DATA SEGMENT -

▼▼▼

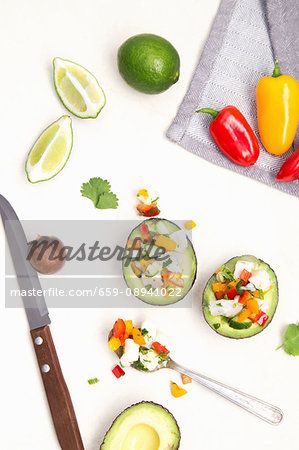 White fish ceviche with cucumber, peppers and coriander served in an avocado White fish ceviche with cucumber, peppers and coriander served in an avocado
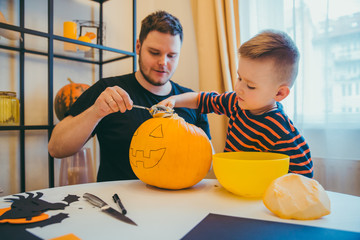 young father with toddler son making jack pumpkin head for halloween holiday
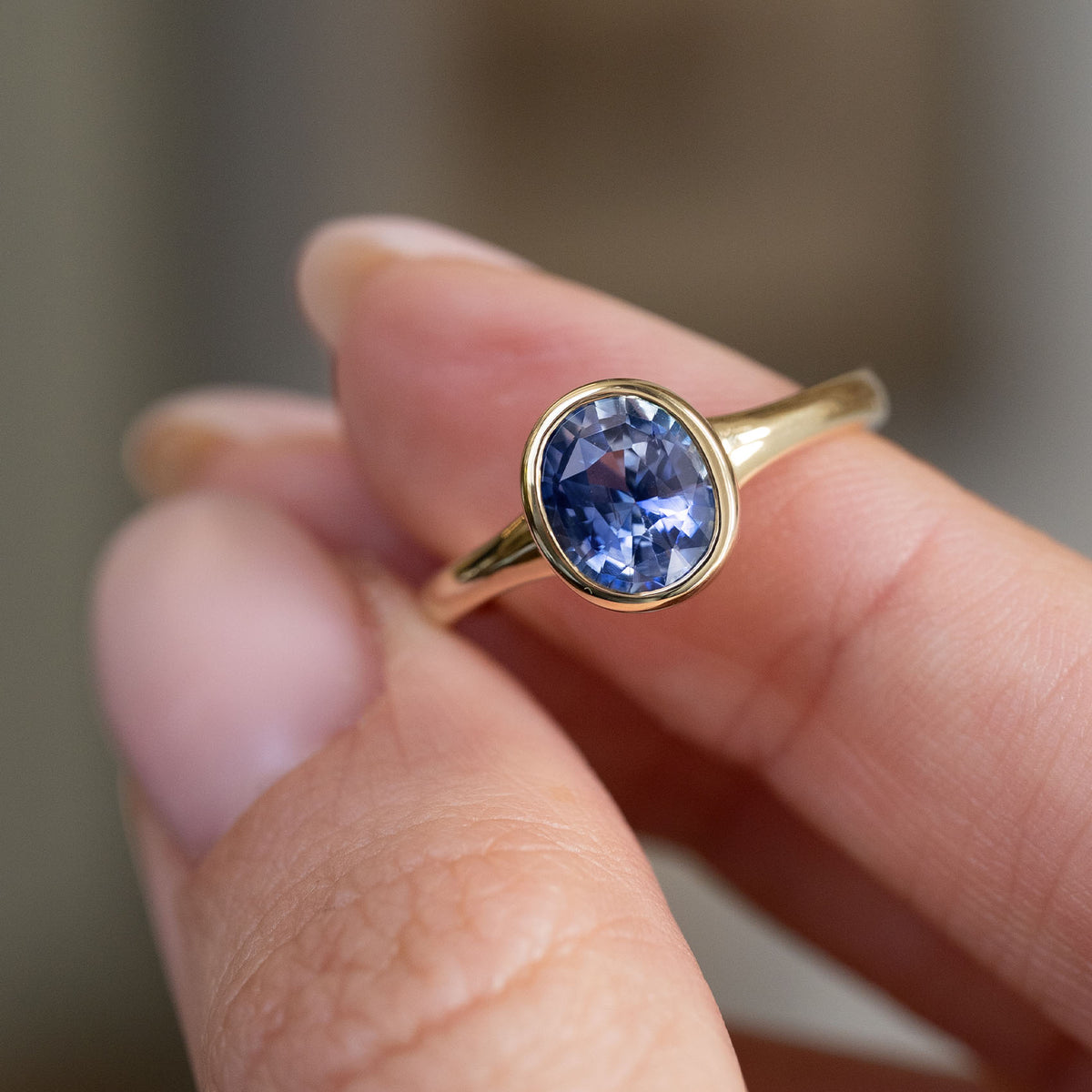 Handheld view of the oval blue sapphire in its minimal antique-inspired yellow gold setting.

▲▲▲

Exactly the lines from the one containing "young father with" through the end of the data above: repeat those, both ends included, and nothing else. Skip the pictures.

 young father with toddler son making jack pumpkin head for halloween holiday
 Handheld view of the oval blue sapphire in its minimal antique-inspired yellow gold setting.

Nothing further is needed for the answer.